William Shoemaker


Will Shoemaker

As former editor of the Gunnison Country Times newspaper, I’ve observed both personally and professionally significant change to our home  and surrounding backcountry brought by growth and development, and our community’s attempts — sometimes successful, sometimes less so — to mitigate this change. 

I’m a backcountry skier and snowmobiler and value multi-use recreation. That’s why I support Elk Mountains Backcountry Alliance’s efforts advocating for more effective management for our local backcountry. As much as I enjoy the thrill and convenience of a sled, I relish the feeling of long tours and hard-earned turns and strongly believe that some places should remain wild — that is, only accessible under human power. Growing use of our public lands by a wide range of winter recreationists demands a comprehensive winter travel management plan that protects opportunities for solitude and human-powered recreation and ensures a safe experience for all. 

Outside of ski season, I enjoy trail running, hunting and angling in the wild places and wilderness that are so abundant around us. I’m a strong wildlife advocate, board member of Gunnison Wildlife Association and longtime member of Backcountry Hunters & Anglers. The Gunnison Valley is one of the last remaining strongholds for intact habitat and healthy wildlife populations in Colorado, but encroaching development and recreational pressures threaten to change that. Our native wildlife needs our protection. 

Currently, I work as Communications & Engagement Director for Advocates for the West, a public interest nonprofit environmental law firm that partners closely with Winter Wildlands Alliance and grassroots conservation organizations to protect wintering wildlife and quiet recreation. Through this work, I’ve seen elsewhere in the West just how effective a community-involved winter travel management plan can be in ensuring ample opportunities for a wide range of recreationists while protecting our natural resources and desire for solitude. 

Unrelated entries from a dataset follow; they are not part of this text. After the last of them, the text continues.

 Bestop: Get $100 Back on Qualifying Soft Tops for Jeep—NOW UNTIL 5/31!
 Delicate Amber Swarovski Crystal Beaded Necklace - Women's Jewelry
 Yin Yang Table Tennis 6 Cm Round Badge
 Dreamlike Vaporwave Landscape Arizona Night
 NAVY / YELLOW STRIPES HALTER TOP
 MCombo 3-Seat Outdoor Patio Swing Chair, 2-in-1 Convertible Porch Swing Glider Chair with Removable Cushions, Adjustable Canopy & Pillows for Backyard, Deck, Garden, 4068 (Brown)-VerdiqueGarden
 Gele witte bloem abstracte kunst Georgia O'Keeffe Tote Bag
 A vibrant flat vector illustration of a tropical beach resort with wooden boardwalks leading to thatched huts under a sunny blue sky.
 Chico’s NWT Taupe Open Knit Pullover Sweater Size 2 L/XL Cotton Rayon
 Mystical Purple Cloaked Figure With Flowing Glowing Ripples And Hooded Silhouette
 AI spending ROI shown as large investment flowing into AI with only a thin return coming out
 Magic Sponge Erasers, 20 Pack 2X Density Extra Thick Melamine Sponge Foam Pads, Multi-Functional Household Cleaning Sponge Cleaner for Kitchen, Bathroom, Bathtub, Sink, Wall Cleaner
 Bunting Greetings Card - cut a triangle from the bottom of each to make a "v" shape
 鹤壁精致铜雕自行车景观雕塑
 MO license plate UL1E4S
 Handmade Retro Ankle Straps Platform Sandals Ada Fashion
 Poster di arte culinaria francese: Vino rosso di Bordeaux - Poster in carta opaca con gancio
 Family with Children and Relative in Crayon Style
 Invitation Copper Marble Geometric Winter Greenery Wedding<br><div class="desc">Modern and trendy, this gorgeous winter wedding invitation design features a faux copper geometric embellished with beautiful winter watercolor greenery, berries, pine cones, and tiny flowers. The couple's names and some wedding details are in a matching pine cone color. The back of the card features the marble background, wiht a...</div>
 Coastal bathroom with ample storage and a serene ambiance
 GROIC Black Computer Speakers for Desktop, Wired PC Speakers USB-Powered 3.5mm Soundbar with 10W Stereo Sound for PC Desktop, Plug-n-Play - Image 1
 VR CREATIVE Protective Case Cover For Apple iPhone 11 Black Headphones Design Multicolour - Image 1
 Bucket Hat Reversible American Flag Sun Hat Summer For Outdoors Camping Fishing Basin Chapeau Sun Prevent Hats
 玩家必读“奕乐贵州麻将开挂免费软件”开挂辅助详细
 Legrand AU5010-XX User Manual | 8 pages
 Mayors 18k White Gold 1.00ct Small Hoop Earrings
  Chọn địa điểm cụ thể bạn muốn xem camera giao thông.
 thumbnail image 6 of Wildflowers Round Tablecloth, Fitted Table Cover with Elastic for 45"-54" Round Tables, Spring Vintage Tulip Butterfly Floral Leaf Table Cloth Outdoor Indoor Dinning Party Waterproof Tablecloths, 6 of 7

Amid growing human pressures, planning for the future is more important than ever. It’s up to us to make sure that all we love about Crested Butte and the Gunnison Valley — its wild nature, spectacular views, and rugged character — remains for generations to come. Through this planning, I believe we can strike a balance that better protects our wild places, wildlife, and opportunities for quiet recreation, while ensuring ample opportunities for all recreationists. 

We can only find that balance by coming together.